Dare To Be Glaringly Different

When I was in grade 4 I thought it would be so amazing to have braces. I longed for the secret identity I thought glasses would provide. I yearned for a unique trait that would separate me from the norm. I wanted a conversation starter, a hook, a gimmick. A limp, lisp or dark secret past. Heck, even my daily bruises developed elaborate stories. I’d detail the fictional fun to make myself seem more interesting than (I thought) I was. I have always wanted to be just left of the middle…well, honestly, deep left field. I’ve always wanted to be different.

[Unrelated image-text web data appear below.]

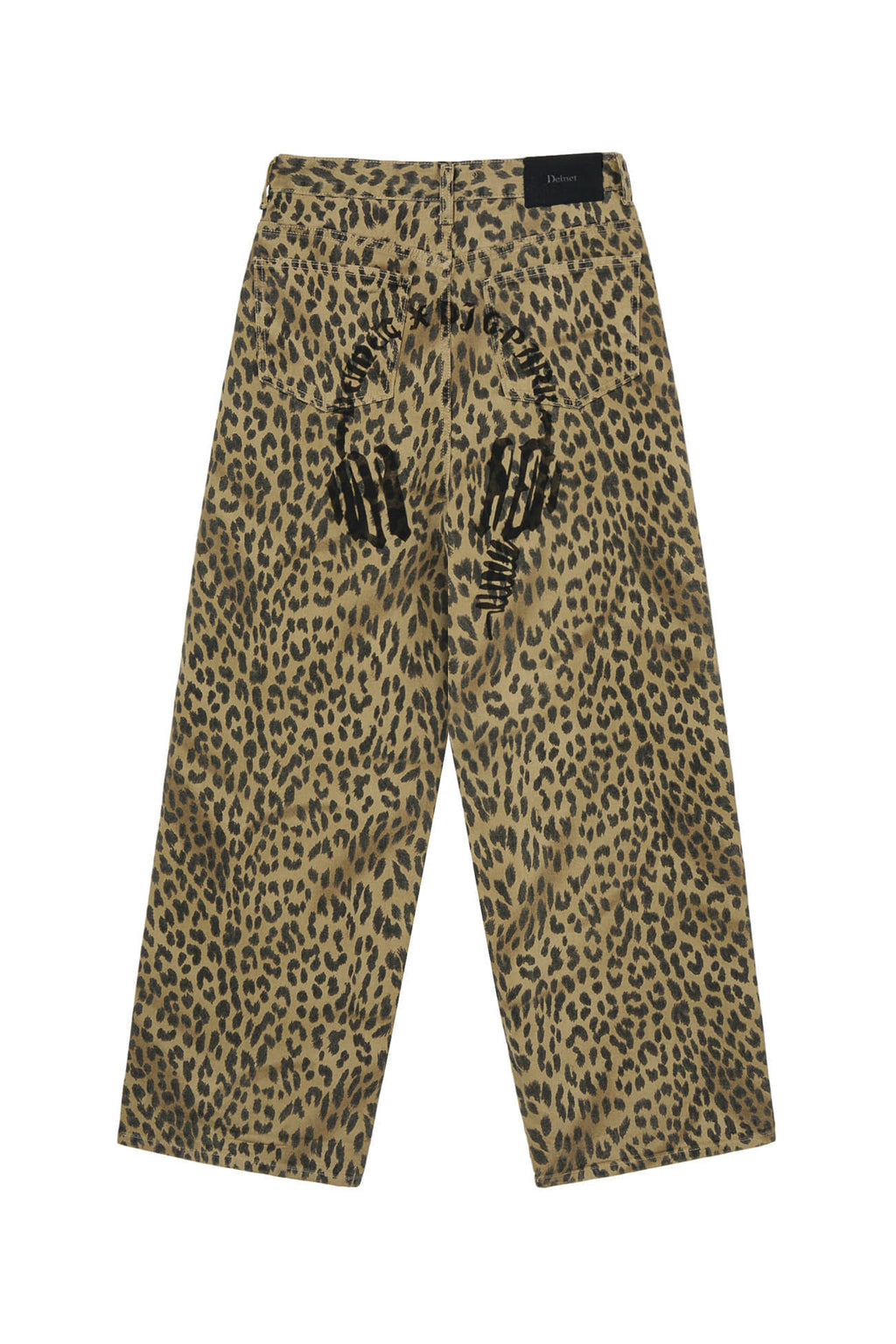Deinet - Dj Park Leopard Pants (Brown) product image 2 | TRAB K-Fashion Australia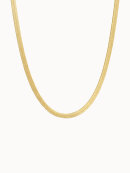 Nava Copenhagen - NAVA COPENHAGEN FLAT SNAKE NECKLACE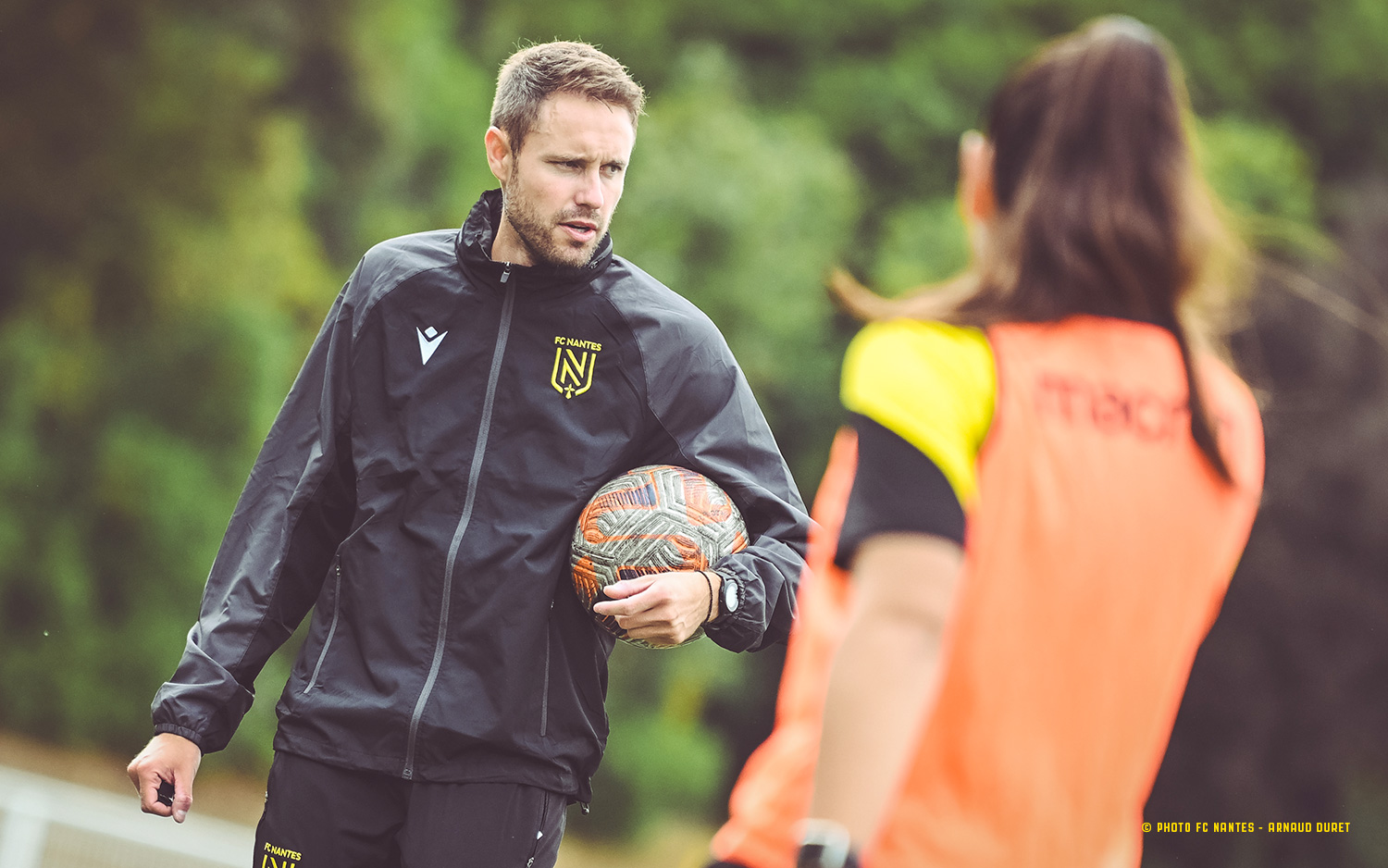 Fc Nantes F Minines D F Le Groupe Pour Fc Nantes Olympique De Marseille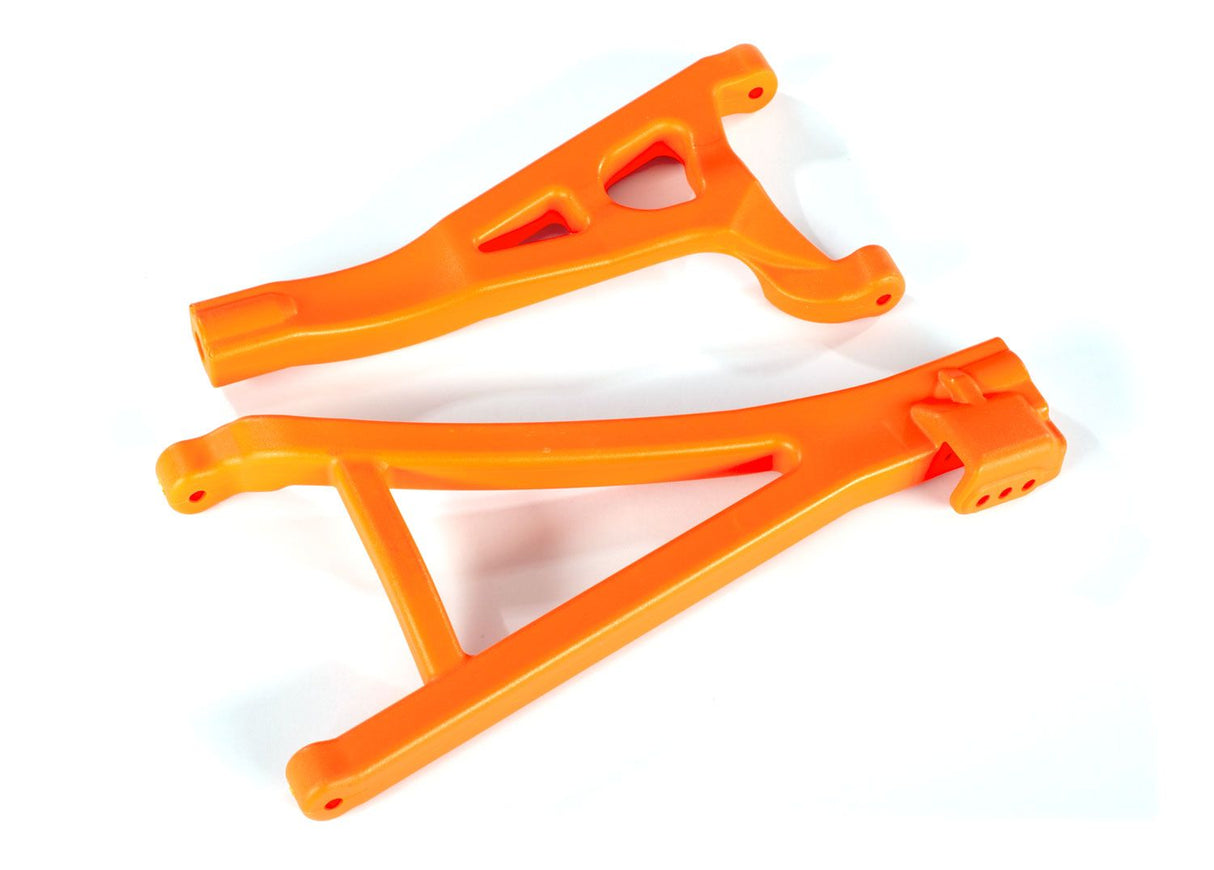TRAXXAS 8631T SUSPENSION ARMS, ORANGE, FRONT (RIGHT), HEAVY DUTY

I grew up a middle class girl in the middle of Ontario during the mid-90’s. That’s all smack bang in the middle. And the middle is very different from the centre of attention. I was born in the 80’s but my serious memories were made in the midst of Smashed Pumpkins and grunge-y Shangri-la. But as far as I could tell I was just one more of the faceless masses with pre-teenage spirit. I found myself jockeying for position within systems that didn’t celebrate our differences. Sadly, most systems are finite, not interpretative. Systems are by nature are, well, systematic. Empathy, consideration and individuality isn’t part of the equation. I looked throughout middle school, but I couldn’t find my defining feature, no matter how elaborate my exterior got. I was just another little girl in a school of little girls. And, I wasn’t happy with that to say the least.

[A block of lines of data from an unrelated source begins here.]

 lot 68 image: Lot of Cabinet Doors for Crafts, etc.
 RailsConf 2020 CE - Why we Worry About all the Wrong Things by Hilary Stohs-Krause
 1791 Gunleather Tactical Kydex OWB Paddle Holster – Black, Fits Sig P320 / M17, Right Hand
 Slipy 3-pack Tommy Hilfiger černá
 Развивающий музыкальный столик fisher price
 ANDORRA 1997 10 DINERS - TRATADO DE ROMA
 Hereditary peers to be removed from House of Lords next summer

I am not sure if I was born wanting to be different or if I grew into it, but I’ve never liked the status quo. When my wish for braces came true at 16, it only stopped me from smiling. When I wear sunglasses to protect my sensitive eyes, I lose them and can’t imagine the cost, were they prescriptions. I still suffer from exaggerated bumps and bruises, though I allow their cause to remain mundane and preventable. As for the lisp I lusted after…I’ll admit that sometimes I spit when I talk. But all these minor first world problems don’t define who I am and the sad thing is: I didn’t realize that I’ve been unique this whole time. The mere act of wanting to be different makes me so. I am not interchangeable in a row of blondes. I stand out naturally…er at least my fake peg leg limps out.